I think it is important to see that choices, even in a strictly determined universe, are real. Say, you must catch a train that leaves in 20 minutes. If you walk, you will be late; a taxi would take 5 minutes but is expensive; a bus would take 10 minutes, and every 10 minutes a bus is coming. So walking is not really an option, because if you would walk, you would not catch your train. If you would take the taxi, you would have to pay $20. And if you would take the bus, you have to take the risk that you miss your train. These are the informations you have: modal sentences that are true, but do not describe what factually happens (yet). These are called contra-factual sentences, and they can be true or false, independently of they describe events that really happen in the universe, and also independent of the question if the universe is determined or not. (But the universe better be determined, otherwise you could not even be sure of your information about your choices...) Again a reason why we need a determined universe in order to be free.

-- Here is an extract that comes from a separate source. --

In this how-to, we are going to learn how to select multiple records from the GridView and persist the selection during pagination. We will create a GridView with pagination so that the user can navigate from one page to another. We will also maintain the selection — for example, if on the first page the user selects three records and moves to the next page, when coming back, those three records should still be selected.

Now, of course your brain is determined also, so what your choice will be is determined too. But it is determined according the options you see, so you are really choosing. Yes, your choice is fixed, but not without your evaluating the real, available options. So your decision for one of the options (e.g. you take the taxi) determines your action (calling a taxi). That I would definitely call free will. 

"determined universe", "determined choice".. IMHO inappropriate wording for what you described above.. There is very few optimal paths how to do something, and ocean of non-optimal paths how to do something (and possibly fail), and even greater ocean of alternative choices (do something else). Sometimes there is just one optimal way how to do something. If you won't do it the right way, you will fail. So, no alternative choices.

Suppose so, somebody is not in hurry, has no alternative commitments, and has straight forward route from home to other location. He or she, can go the most optimal route, the shortest (length), or the quickest (time), but alternatively choose not to use them, but go around. Without any purpose. Without brain suggesting "you need to burn calories, move your body!" etc. That was free will choice. Maybe. Doing something without purpose. Doing something without reason which can be explained by physics, chemistry, biology etc..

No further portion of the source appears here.